Washington said his approach is simple: come in with a good attitude and a commitment, take care of the fundamentals, be prepared, and let the talent do the rest. He believes in players, and he instills in players a belief in themselves. "I'm good at communicating with players because I was one," Washington said. "I'll always be a player at heart."
As refreshingly authentic and unpretentious as Washington is, don't mistake it for a lack of self-confidence. He noted that the last thing he said during his first interview with Texas -- which he said got off to a great start because of the class Daniels showed by personally picking him up from the airport -- was this: "You've really impressed me. And I damn sure know I've impressed you."
Daniels said that he made countless calls around the league during the interview process to try and find someone who would give him pause about hiring Washington, someone who might point out a negative, even a small one, that Daniels ought to factor into the decision process. He never found that person, never heard a negative.
Does Washington's arrival mean Texas now has a shot at Barry Zito? "Don't know," Washington said, adding with more honesty than you'd expect, "I haven't really thought about that." How about you, Mr. Daniels? "Free agents and trades aren't something we've discussed yet. Until a couple hours ago, Ron was still in the green and gold."
More Washington honesty, when asked how he plans to handle the Rangers' pitching staff: "I don't know much about handling pitchers, but I know I sure could hit them." He admitted that he will lean heavily on Mark Connor, who is staying aboard as pitching coach (and on Jaramillo, who remains as hitting coach).
And he wants to lean heavily on Howe, who was hired by Philadelphia just three weeks ago as a third base coach and infield instructor. Clearly, Howe's name wasn't going to be part of yesterday's press conference before Washington mentioned it, but Daniels confirmed that he's received permission from the Phillies to talk to Howe and that the former A's manager will be in town today for that purpose. Daniels intends to make a decision on Howe quickly.
It seems like an inevitability at this point. Howe, whose first coaching gig was on Bobby Valentine's Rangers staff in 1985, managed Washington in his last big league season (1989 in Houston) and managed six Oakland clubs with Washington on his staff. He seems perfect for this job: a steady, veteran big league manager with no ego, and a history and trust level with Washington.
As for the rest of the staff, there's less predictability. Connor and Jaramillo stay, and bullpen coach Dom Chiti evidently stays, but while Daniels said he'd like Wakamatsu to stay (if he doesn't get the Oakland managerial post), the fact is that if Howe is hired as bench coach then Wakamatsu would be asked not only to work for a man who beat him out for the job he wanted, but apparently to do so in a role of less stature than the one he's had here for four years.
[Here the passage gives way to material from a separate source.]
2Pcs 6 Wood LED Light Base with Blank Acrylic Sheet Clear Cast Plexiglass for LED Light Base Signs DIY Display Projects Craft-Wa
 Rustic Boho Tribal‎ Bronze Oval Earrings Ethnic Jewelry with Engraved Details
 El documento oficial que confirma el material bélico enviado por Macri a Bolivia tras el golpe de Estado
With Washington's background as an infield instructor (for that matter, Howe's as well), third base coach Steve Smith could be one of the incumbents who's susceptible to being replaced by a Washington import. First base coach Bobby Jones's 2007 role is also hard to predict.
Will the profile of player that Daniels targets this winter shift because of Washington's arrival? Will the team add more speed than it would have otherwise? Not necessarily. Washington said he'll adapt his managing style to the type of personnel he has. But one thing is certain: Don't expect him to start taking the bat out of his players' hands . . . unless a guy is struggling, in which case he'll absolutely look to "create" offense in order to help get the player out of his rut.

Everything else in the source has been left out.